# WORK ORDER
The records come next. Copy all of them exactly.

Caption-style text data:
════

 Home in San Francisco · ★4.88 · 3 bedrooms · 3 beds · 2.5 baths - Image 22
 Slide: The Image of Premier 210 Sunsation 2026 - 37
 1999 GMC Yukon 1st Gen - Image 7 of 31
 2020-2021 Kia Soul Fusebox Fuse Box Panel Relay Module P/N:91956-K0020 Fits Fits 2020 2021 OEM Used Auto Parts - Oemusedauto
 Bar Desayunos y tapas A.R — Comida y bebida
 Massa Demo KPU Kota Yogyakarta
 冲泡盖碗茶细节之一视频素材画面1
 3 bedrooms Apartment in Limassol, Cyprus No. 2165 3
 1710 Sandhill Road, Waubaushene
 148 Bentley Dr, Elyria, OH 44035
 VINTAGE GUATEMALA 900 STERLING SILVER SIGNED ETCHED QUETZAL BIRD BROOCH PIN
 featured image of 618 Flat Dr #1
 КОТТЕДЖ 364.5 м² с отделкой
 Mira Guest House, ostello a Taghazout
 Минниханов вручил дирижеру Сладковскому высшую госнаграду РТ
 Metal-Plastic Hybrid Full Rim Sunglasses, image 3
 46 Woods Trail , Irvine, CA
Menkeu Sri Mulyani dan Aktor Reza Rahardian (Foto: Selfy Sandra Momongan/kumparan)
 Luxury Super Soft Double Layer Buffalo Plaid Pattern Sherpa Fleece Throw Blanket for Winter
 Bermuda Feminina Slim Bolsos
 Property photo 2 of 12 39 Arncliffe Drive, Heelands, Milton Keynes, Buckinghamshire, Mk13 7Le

════

# ANSWER FOR THE TASK
 Home in San Francisco · ★4.88 · 3 bedrooms · 3 beds · 2.5 baths - Image 22
 Slide: The Image of Premier 210 Sunsation 2026 - 37
 1999 GMC Yukon 1st Gen - Image 7 of 31
 2020-2021 Kia Soul Fusebox Fuse Box Panel Relay Module P/N:91956-K0020 Fits Fits 2020 2021 OEM Used Auto Parts - Oemusedauto
 Bar Desayunos y tapas A.R — Comida y bebida
 Massa Demo KPU Kota Yogyakarta
 冲泡盖碗茶细节之一视频素材画面1
 3 bedrooms Apartment in Limassol, Cyprus No. 2165 3
 1710 Sandhill Road, Waubaushene
 148 Bentley Dr, Elyria, OH 44035
 VINTAGE GUATEMALA 900 STERLING SILVER SIGNED ETCHED QUETZAL BIRD BROOCH PIN
 featured image of 618 Flat Dr #1
 КОТТЕДЖ 364.5 м² с отделкой
 Mira Guest House, ostello a Taghazout
 Минниханов вручил дирижеру Сладковскому высшую госнаграду РТ
 Metal-Plastic Hybrid Full Rim Sunglasses, image 3
 46 Woods Trail , Irvine, CA
Menkeu Sri Mulyani dan Aktor Reza Rahardian (Foto: Selfy Sandra Momongan/kumparan)
 Luxury Super Soft Double Layer Buffalo Plaid Pattern Sherpa Fleece Throw Blanket for Winter
 Bermuda Feminina Slim Bolsos
 Property photo 2 of 12 39 Arncliffe Drive, Heelands, Milton Keynes, Buckinghamshire, Mk13 7Le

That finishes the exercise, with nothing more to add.